One thing confuses me. The Cathedral image.The trapezoid's bottom has more pixels than its top. Trapezoid is transformed into a rectangle. Therefore some pixels from its bottom has been thrown away. Or extra pixels have been added to the top. How did you do this? And if extra pixels were added to the top, which values have they been given?
It's not a matter of throwing away or adding. For every pixel in the output image we interpolate a value from the input image. So all output pixels are some mixture of pixels from the input image. This is covered in detail in the section on Image Warping, Sec 12.7.4 of the second edition
Hi, Peter, thank you for your reply. Given the age of this video I did not expect any reply, leave alone that quick one! It's impressive that you keep supporting your old works.

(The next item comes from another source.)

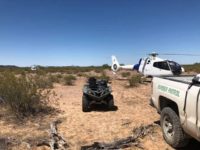 CBP Aircrew rescues a group of migrants who became dehydrated in the Arizona desert. (Photo: U.S. Border Patrol/Yuma Sector)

Yes, I am aware about warping. Yet warping is not mentioned in this lecture, nevertheless the picture looks like warping was there. Do you mean that warping was not mentioned on order not to obscure the main point of the lecture which is Homography?
Do you have similar lecture on Image Warping?

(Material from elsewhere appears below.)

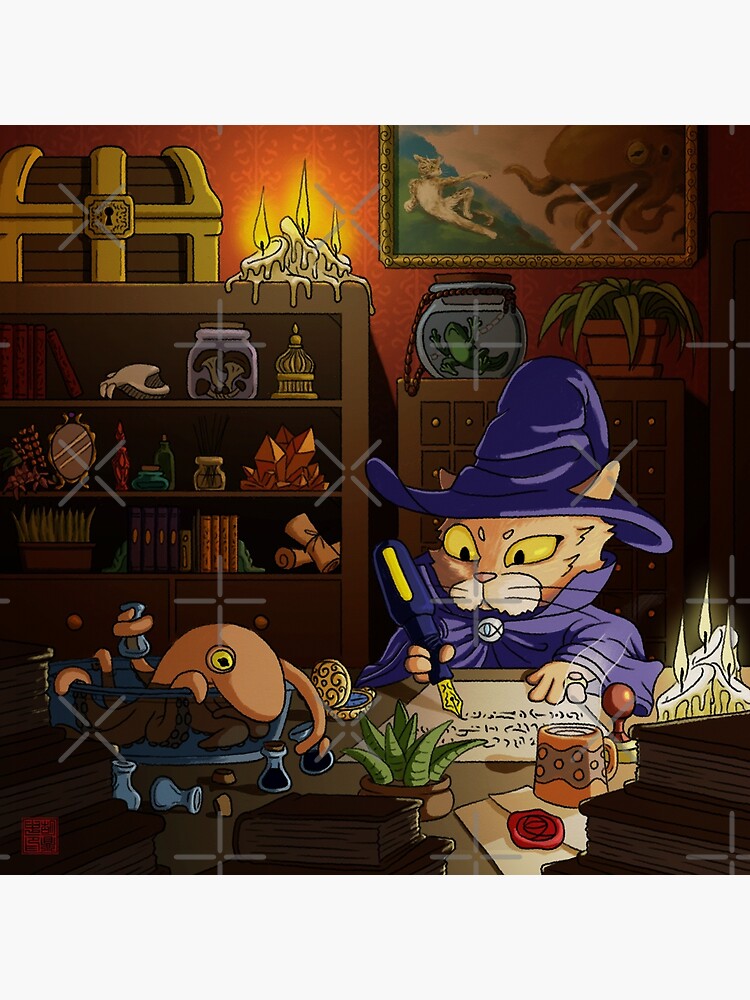 Baz the Cat Wizard by DingHuArt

I have an image of a plane rectangular surface distorted by perspective.
I am interested in one point only. I know how to detect this point and get its coordinates within the distorted image.
I need to calculate coordinates of this point in the un-destorted image. So I need to un-distort just one point.

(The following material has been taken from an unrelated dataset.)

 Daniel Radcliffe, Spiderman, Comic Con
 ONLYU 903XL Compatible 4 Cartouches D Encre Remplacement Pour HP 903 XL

I guess that for this I do not need the whole power of Warping (including interpolation). But I need to know how Warp works to make my own warp to work with a singer point. Unless such one-point-warp function already exists
Can anyone tell me how to find the camera orientation(angles) respect to the perspective image
in 27 mins compare with 24:25s I think the matrix in 27mins should be Inverse.. Can anyone explain?
It's included in my Machine Vision Toolbox, downloadable for free from petercorke.com. You'll also need to grab the file called contrib. zip as well
When invoke Homography function : H=homography(P1,P2)
Why error message
Undefined function or variable 'vgg_H_from_x_lin'.
Error in homography (line 46)
H = vgg_H_from_x_lin(p1, p2);
is coming?
Here P1 and P2 are 2by4 matrices
What if C(3, 4) is equal to 0 when you rescale ?
I'm not sure it can be zero for any realisable perspective camera.
@@PeterCorke yeah but why ?
sir i really need advice for one of my projects...anyway i can get an email to clear my doubts
How can we find the camera matrix?
Generally 2 ways: either by knowing in advance all the camera parameters, or by calibration. Details in my book, chapter 11
svd decomposition ?
where can i watch previous lectures
In the basement or in the bathroom, feel free.
Ode to the Kathedrale Notre-Dame
Yes, I was fortunate to visit long before the fire.
Thank you very much Peter, I am using your toolbox a lot! There is an error in the homography function though:
Undefined function or variable 'vgg_H_from_x_lin'.
Error in homography (line 46)
H = vgg_H_from_x_lin(p1, p2);
I looked everywhere but could not find the function in the toolbox, is there a fix?
QUT mechatronics FTW!
3:40
You sound like Skip in 'undisputed'
Omg too much information to my brain without no explanation, awful
Thank you very much!
You're welcome. Check out robotacademy.net.au for more lectures on CV topics. The video you watched is an incomplete set of classroom lecture recordings.